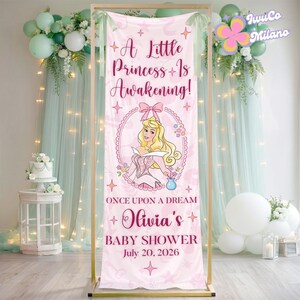 May include: Pink baby shower banner with the text "A Little Princess Is Awakening!" and "Olivia's BABY SHOWER July 20, 2026". The banner features a cartoon illustration of a princess. The banner is displayed on a gold frame.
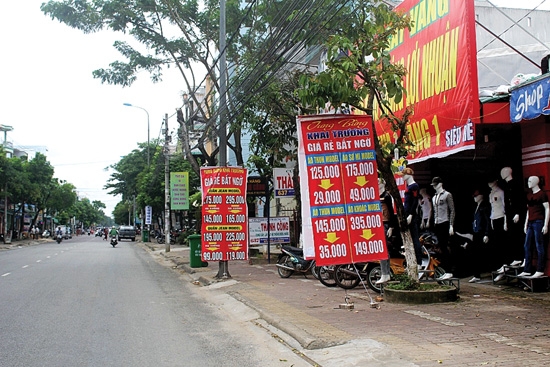 Các cửa hiệu buôn bán giăng biển quảng cáo trên vỉa hè tuyến phố Quang Trung.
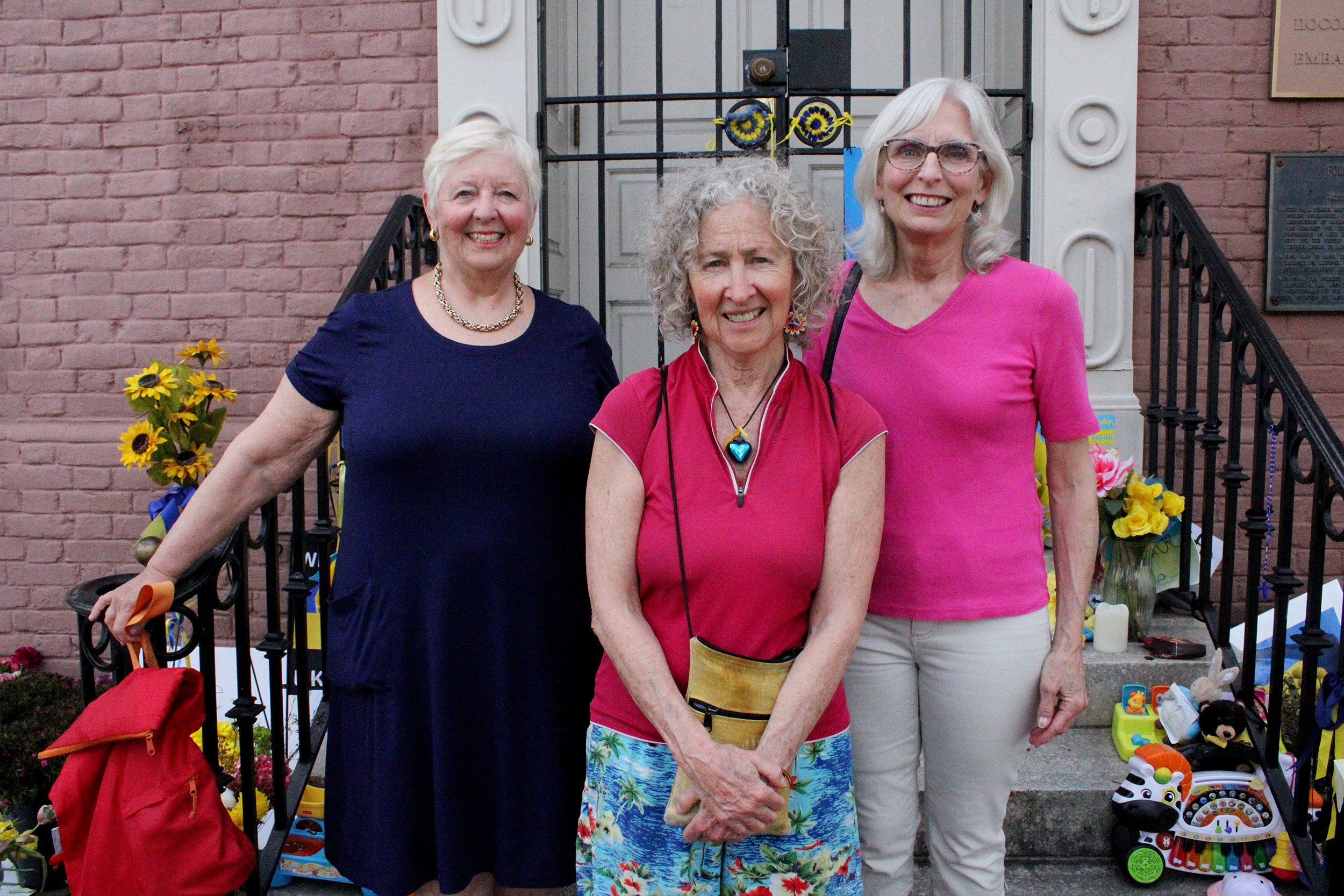 Photo of three women posing together in front of the stairs to the Embassy of Ukraine.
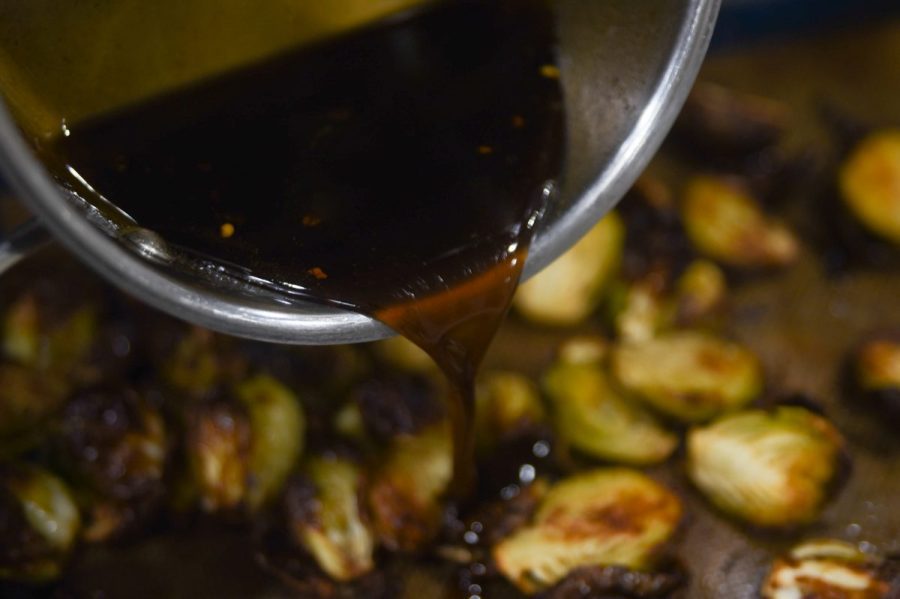 pouring sauce on brussel sprouts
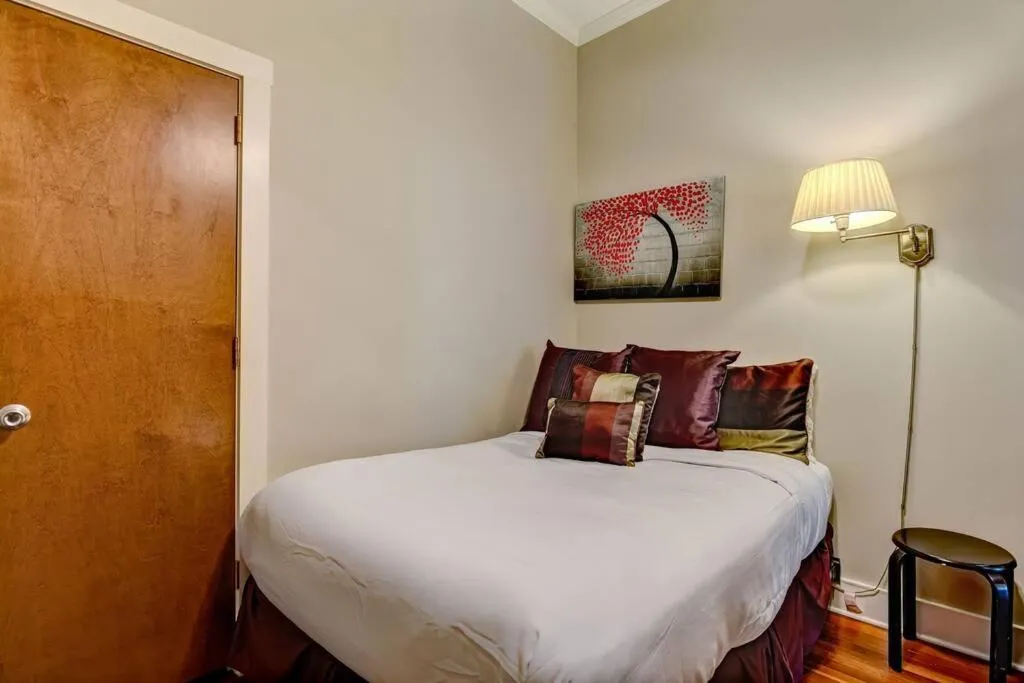 Bed in Loft steps from City Hall and River Streets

=-=-=

• What you are asked to do: Exact repetition required: repeat the first line of the listing above, the line containing "Photo of three", and every line between, leaving out pictures.

• Task response:
 May include: Pink baby shower banner with the text "A Little Princess Is Awakening!" and "Olivia's BABY SHOWER July 20, 2026". The banner features a cartoon illustration of a princess. The banner is displayed on a gold frame.
 Các cửa hiệu buôn bán giăng biển quảng cáo trên vỉa hè tuyến phố Quang Trung.
 Photo of three women posing together in front of the stairs to the Embassy of Ukraine.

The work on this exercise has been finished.